Wherein, m=0,1,2 ..., M-1, number of filter M take 26, f_mIndicate the centre frequency of triangular filter, H_m(k) it indicates The frequency response of triangular filter, S (n) indicate the Fast Fourier Transform (FFT) acquired results of voice signal；12 ranks of final extraction First-order difference MFCC characteristic parameters.

3. the speech-emotion recognition method in PAD three-dimensionals emotional space according to claim 1, it is characterised in that：Step 1 In, extraction time igniting sequence and ignition location information are using simplified PCNN neuron models, parameter alpha_F、α_L、α_θ、V_F、V_L、 V_θ, β values be respectively 0.1,1.0,1.0,0.5,0.2,20,0.1；α_F, α_L, α_θFeed back input item F is indicated respectively_ij, connection input Item L_ij, dynamic threshold thresholding θ_ijDamping time constant, V_F, V_L, V_θFeedback amplification coefficient, the connection amplification of PCNN are indicated respectively Coefficient and threshold value amplification coefficient, β are bonding strength coefficients；Link input L, internal activity item U, pulse output Y initial value set It is 0, inputs as normalized gray value, belong between [0,1]；Link field radius r=1.5, internal connection matrix W are one 3 × 3 square formation, inverse of the pixel to the Euclidean distance square of each pixel of surrounding wherein centered on each element numerical value r^-2。

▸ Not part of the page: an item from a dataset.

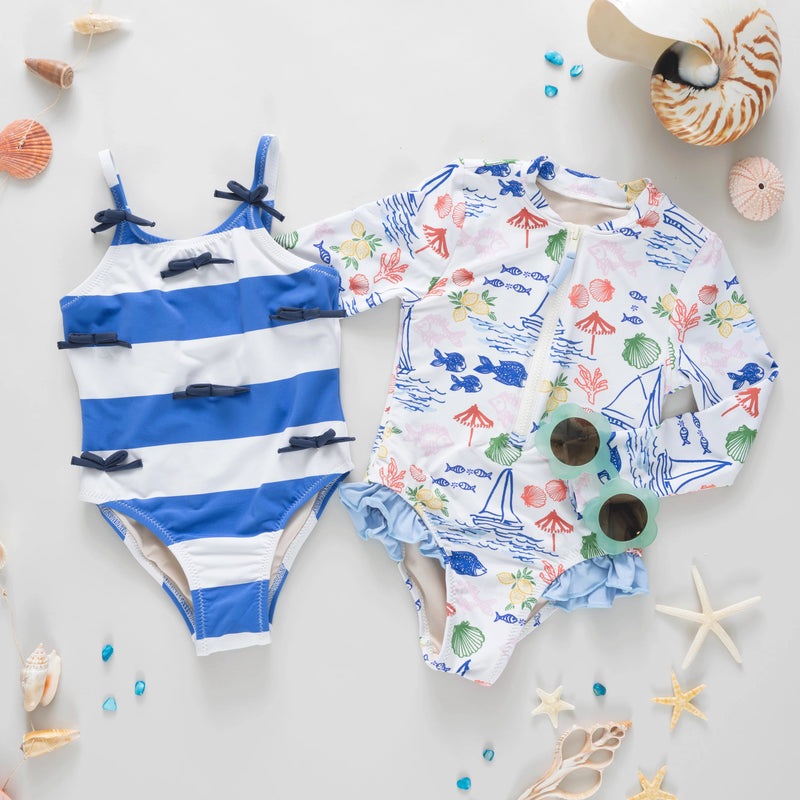 Pink Chicken Lottie Bow Swimsuit in Wide Blue Stripe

4. the speech-emotion recognition method in PAD three-dimensionals emotional space according to claim 1, it is characterised in that：Step 3 In, related coefficient of the gained predicted value in tri- dimensions of P, A, D is three kinds of features respectively：

In formula, X is respectively represented in each calculate and is represented emotional speech using P values, A values and D values, Y obtained by the prediction of each feature P values, A values in emotion scale and D values, μ_X, μ_YVariable X, the average value of Y, σ are indicated respectively_X, σ_YVariable X is indicated respectively, Y's Standard deviation；ρ_X,YValue is exactly the feature weight being calculated.

5. the speech-emotion recognition method in PAD three-dimensionals emotional space according to any one of claims 1-4, feature It is：In step 4, final PAD value of the emotional speech in three-dimensional emotional space is：

P=P₁λ₁+P₂λ₂+P₃λ₃；

In formula, P₁、P₂、P₃It respectively represents using mel-frequency cepstrum coefficient, duration of ignition sequence, ignition location information to the language Predicted value of the sound in P dimensions；λ₁、λ₂、λ₃Indicate three of the above speech emotional feature to the speech emotional type in P dimensions successively Related coefficient normalized value, meet λ₁+λ₂+λ₃=1.